Chairman of the Nigeria Electricity Regulatory Council (NERC), Dr. Sam Amadi, has disclosed that many of the preferred bidders for the various facilities of the Power Holding of Nigeria (PHCN) have begun payment for their respective financial bids.
Also, Amadi hinted that some South Korean conglomerates have signified their intentions to invest in the country's power sector, saying a sum of $30billion is expected to be brought into the sector with a view to generating over 10,000 megawatts into the national grid.
Speaking at an award ceremony organised by a non-governmental organiaation, Light Up Nigeria, in Lagos recently, Amadi said most of the successful bidders had paid at least half of the bid price. According to him, the new owners of PHCN that bought infrastructure in the generation and transmission chains have been striving to meet up with terms of the sales agreement.

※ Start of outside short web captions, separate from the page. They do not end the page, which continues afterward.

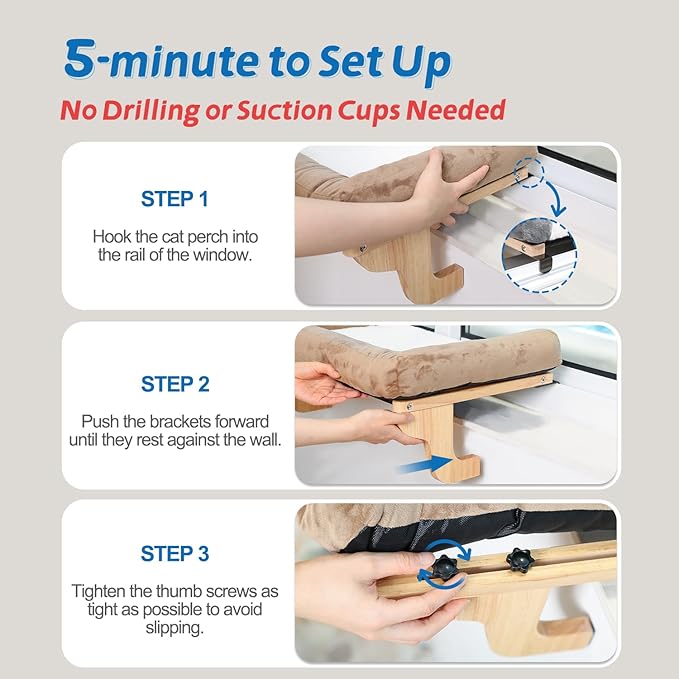 Cat Perch for Window Sill with Bolster - Orthopedic Hammock Design with Premium Hardwood & Robust Metal Frame - Cat Window Seat for Large Cats and Kittens - Natural Color Wood with Gray Bed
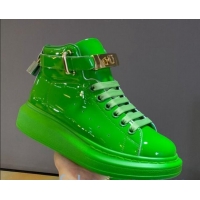 Super Quality Alexander McQueen Patent Leather Sneakers with Lock Charm 90905 Green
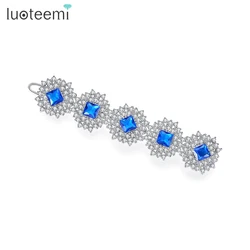 LUOTEEMI Blue Red Green Simulated Gemstones Wedding Hair Accessories for Women Cubic Zirconia Hair Clip Bridal Luxury Barrettes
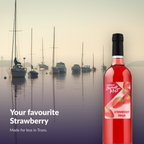 Island Mist Strawberry bottle by a misty harbour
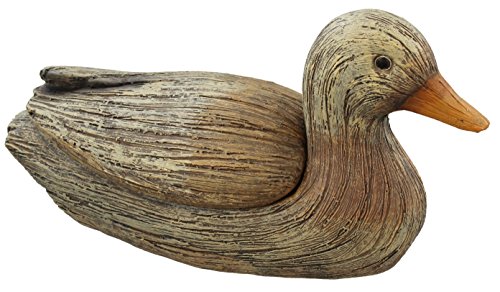 Decorative Resin Duck Decoy Figure / Trinket Box - Carved Wood Look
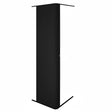 Sleek black tambour shower door with vertical grooves, offering a modern aesthetic and durable design for stylish bathrooms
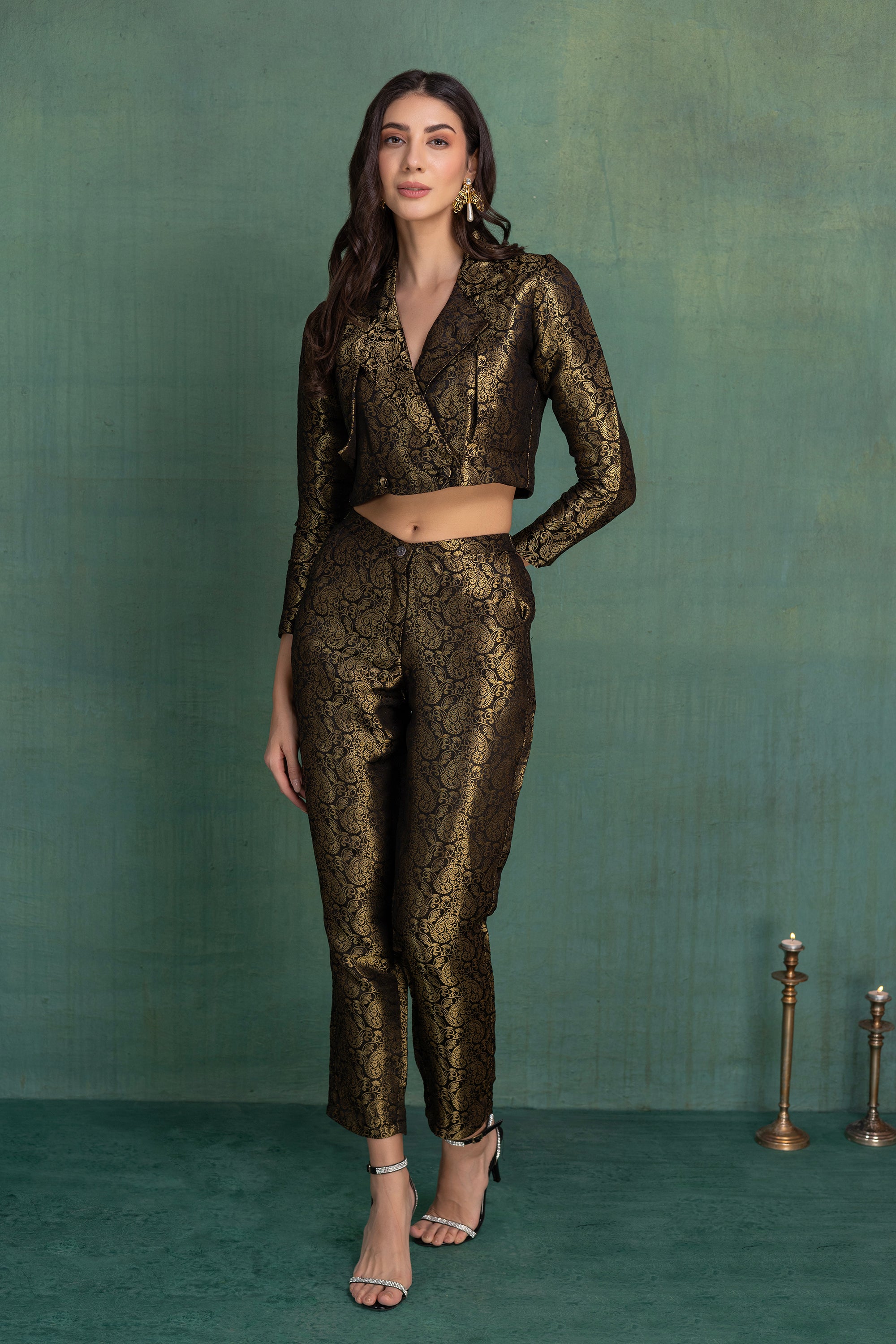 Midnight Brocade Pants with Crop Jacket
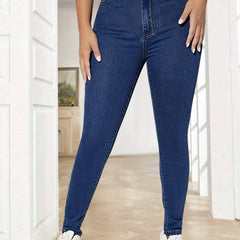 Curvy Plain Legs Dark Skinny Jeans High Waist Stretchy Denim Pants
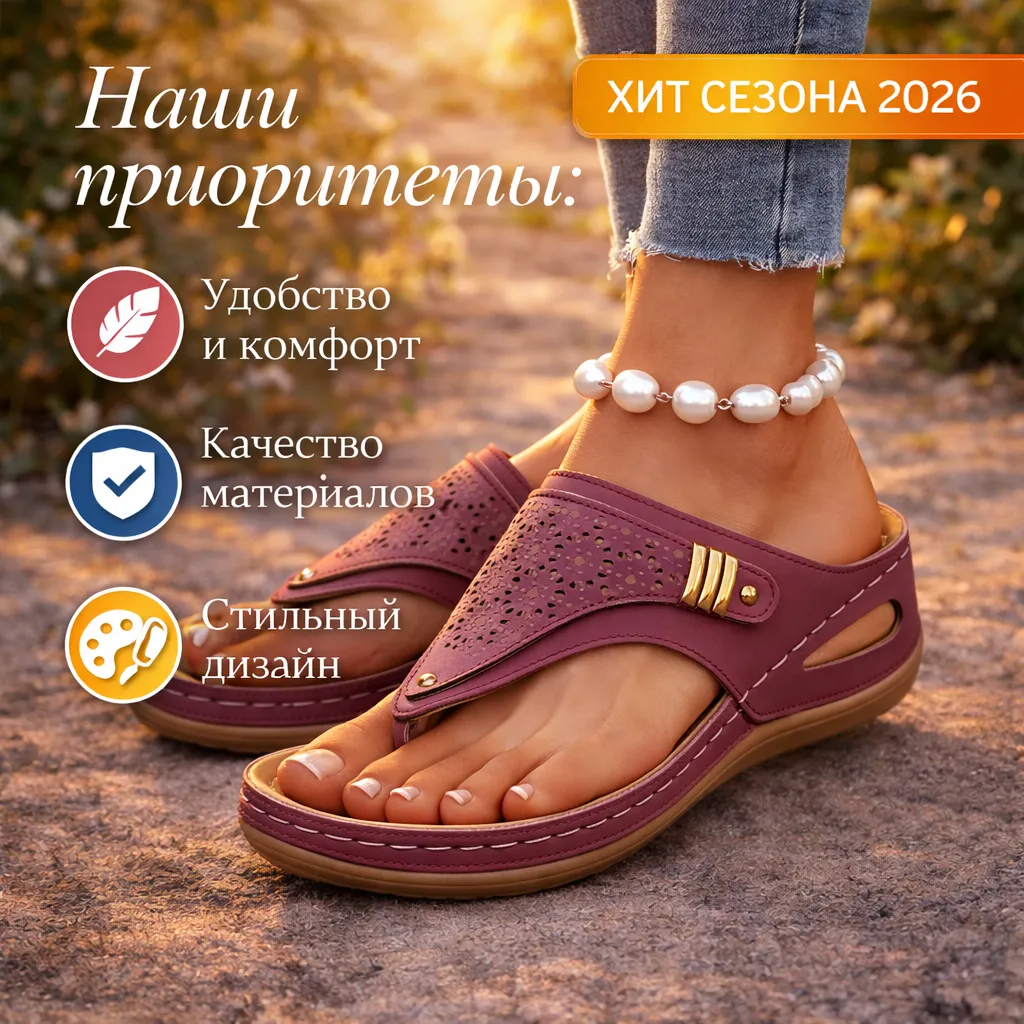 Женские шлепанцы с открытым носком и удобной подошвой
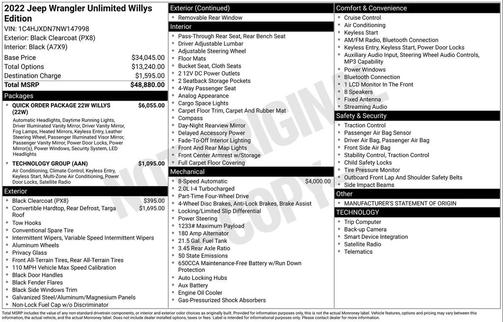 2022 Jeep Wrangler Willys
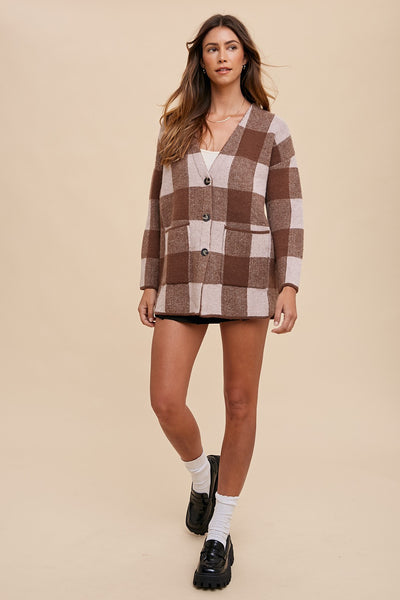 Sophie Big Check V-Neck Sweater Coat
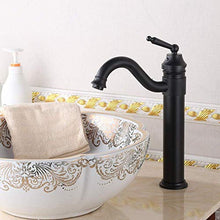 HYY-YY - Rubinetto per lavabo antico sopra lavabo con rotazione a 360 gradi, altezza di rotazione per lavabo, in ferro nero, alto a S, curvo nero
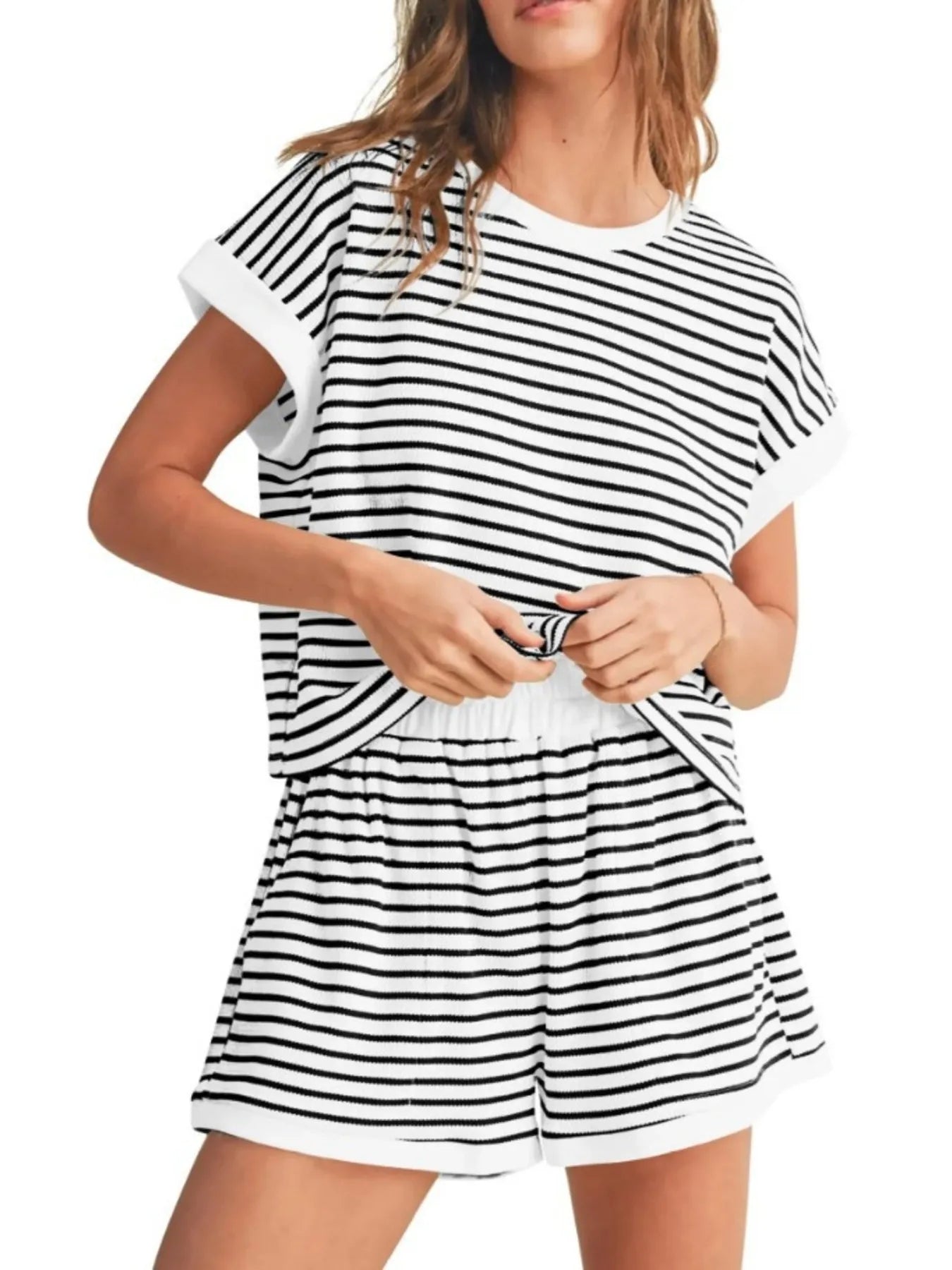 Full Size Contrast Striped T-Shirt and Shorts Set Plus Size Black Stripes On White Background / S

"Everything is moving on well with the power sector reforms. I am happy to inform you that most of the preferred bidders who won most of the companies that were recently sold out have started paying up. Many of them have paid up to 50 per cent of the sum contained in their bid," Amadi told the audience.
Amadi further expressed optimism that the country was on its way to attaining self-sufficiency in electricity supply by the year 2017 owing to the quantum of the expected investment inflow into the country due to the liberalisation of the sector.
"The good news is that we are on reforms that will ensure steady power supply. If the reforms go as planned, the nation could achieve a hub by 2017," he said, maintaining that the country needed private partnership for steady supply.
On the envisaged investment flow from South Korea, Amadi said, "We are happy that the current economic reforms are bearing fruits. Nigeria has become very attractive to international businessmen who have indicated their willingness to invest heavily in the power sector. I am happy to tell you all that a conglomerate from South Korea is bringing the sum of $30 billion into the sector."